I’ve written about many songs that were written in half an hour or less, but this song was the complete opposite. It took around six years from its conception. The song follows in the footsteps of Gloria Gaynor’s I Will Survive and Madonna’s You’ll See and tells the story of how there is life after a relationship and, if you have hope and believe in yourself, it can happen.
In 1992, four staff songwriters at Warner Brothers records, Steve Torch, Matt Gray, Stuart McLennen and Tim Powell, penned a demo which was sent to Nick Van Eede who had been the lead singer and songwriter with the Cutting Crew and was now a top producer. He explained to Songfacts, “Kevin MacMichael and I produced the original demo with Mark Scott and Brian Higgins, we tweaked the melody and chords in the famous chorus, listen to the first two chords to I’ve Been in Love Before (a single for the Cutting Crew) and the first two chords to Believe and you’ll hear the similarity. We got paid a bottle of whisky between us for the session!” From there, the song was sent to Metro Productions where two more songwriters, Brian Higgins and Paul Barry made some adjustments. The producers at Metro, Mark Taylor and Brian Rawling tried out various studio techniques giving the song a synthesized sound including the now famous autotune.
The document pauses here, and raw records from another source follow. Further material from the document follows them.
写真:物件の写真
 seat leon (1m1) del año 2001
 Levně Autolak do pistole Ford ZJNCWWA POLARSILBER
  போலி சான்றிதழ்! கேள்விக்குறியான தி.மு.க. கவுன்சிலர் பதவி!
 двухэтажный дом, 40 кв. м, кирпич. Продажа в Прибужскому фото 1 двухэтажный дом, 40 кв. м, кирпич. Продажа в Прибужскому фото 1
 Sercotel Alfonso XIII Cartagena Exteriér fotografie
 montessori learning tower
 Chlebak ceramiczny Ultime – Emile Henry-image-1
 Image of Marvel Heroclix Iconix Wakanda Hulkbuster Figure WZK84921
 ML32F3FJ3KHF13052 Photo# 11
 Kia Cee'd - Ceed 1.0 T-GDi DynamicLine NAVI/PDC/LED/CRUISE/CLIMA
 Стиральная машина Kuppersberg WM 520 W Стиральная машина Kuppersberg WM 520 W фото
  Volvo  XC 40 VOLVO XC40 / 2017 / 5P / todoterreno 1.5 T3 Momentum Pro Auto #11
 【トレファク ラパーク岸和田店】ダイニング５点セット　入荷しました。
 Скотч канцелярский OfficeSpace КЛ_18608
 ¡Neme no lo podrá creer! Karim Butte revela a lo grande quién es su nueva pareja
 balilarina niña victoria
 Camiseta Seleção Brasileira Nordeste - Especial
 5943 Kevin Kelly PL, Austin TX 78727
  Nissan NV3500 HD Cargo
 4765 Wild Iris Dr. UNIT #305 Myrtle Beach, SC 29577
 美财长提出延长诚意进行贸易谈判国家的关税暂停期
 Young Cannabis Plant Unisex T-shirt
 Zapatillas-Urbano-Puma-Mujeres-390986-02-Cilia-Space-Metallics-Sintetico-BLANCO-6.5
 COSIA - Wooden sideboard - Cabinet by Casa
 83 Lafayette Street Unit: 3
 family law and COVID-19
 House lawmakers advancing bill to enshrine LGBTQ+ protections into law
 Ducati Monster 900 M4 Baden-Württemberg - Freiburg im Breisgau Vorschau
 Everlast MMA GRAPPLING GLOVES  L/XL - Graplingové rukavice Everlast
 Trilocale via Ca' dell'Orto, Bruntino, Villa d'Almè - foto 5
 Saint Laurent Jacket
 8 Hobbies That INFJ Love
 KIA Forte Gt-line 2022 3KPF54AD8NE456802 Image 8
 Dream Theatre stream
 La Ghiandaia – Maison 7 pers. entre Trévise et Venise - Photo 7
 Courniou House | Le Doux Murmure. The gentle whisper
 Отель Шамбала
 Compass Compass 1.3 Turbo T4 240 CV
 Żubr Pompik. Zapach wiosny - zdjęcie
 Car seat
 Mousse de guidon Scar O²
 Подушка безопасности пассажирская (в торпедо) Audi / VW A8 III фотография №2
The idea was to appeal to the gay audience without alienating her existing fans who preferred her big ballad material.
Mark Taylor explained in an interview with Sound on Sound magazine, “We ended up producing the song twice: It was just too hardcore dance – it wasn’t happening. I scrapped it and started again, because I realised it needed a sound that was unusual, but not in a typical dance record sort of way. This was tricky, because dance music is very specific. To get what I was after I had to think about each sound very carefully, so that the sound itself was dance-based but not obviously so.”
In a 2013 interview with Q magazine, Cher explained where the vocal effect came from, “While we were recording Believe in the UK, I saw Roachford on a morning TV show. He was singing with a vocoder and guitar, and it sounded so great. My producer said, ‘You can’t do that after you’ve recorded the song. But I was playing around with the pitch machine and I think I can get something interesting from that.’ So, he played it and we just smiled at each other. It was exactly what we needed to make the really boring verse…sing.” It was highly publicised by the producers that the effect on the song was created using a vocoder, but the press and the public weren’t entirely convinced and eventually it was revealed that they used an Auto-Tune processor, a device invented to correct the pitch in recorded vocals.
Cher said of Believe, “It was just a little fun thing, nothing deep, but my hopes for it were high.” and quite probably her bank balance too. The follow-up single, Strong Enough, written by Mark Taylor and Paul Barry, again featured the distorted vocal and disco thump and was another international hit. Since then, she has made the UK Top 20 with the Taylor and Rawling productions All Or Nothing and The Music’s No Good Without You.
Additionally, Believe won Cher her first Grammy and the accompanying album of the same name sold 10 million copies worldwide. She has only graced the UK singles chart one further time, to date, when, once again, she worked with producer Mark Taylor on the song I Hope You Find It which had first been recorded by Miley Cyrus. It’s been 10 years since Cher was last in the UK chart and, although she is now 78, I wouldn’t want to take a wager that her singing career is over.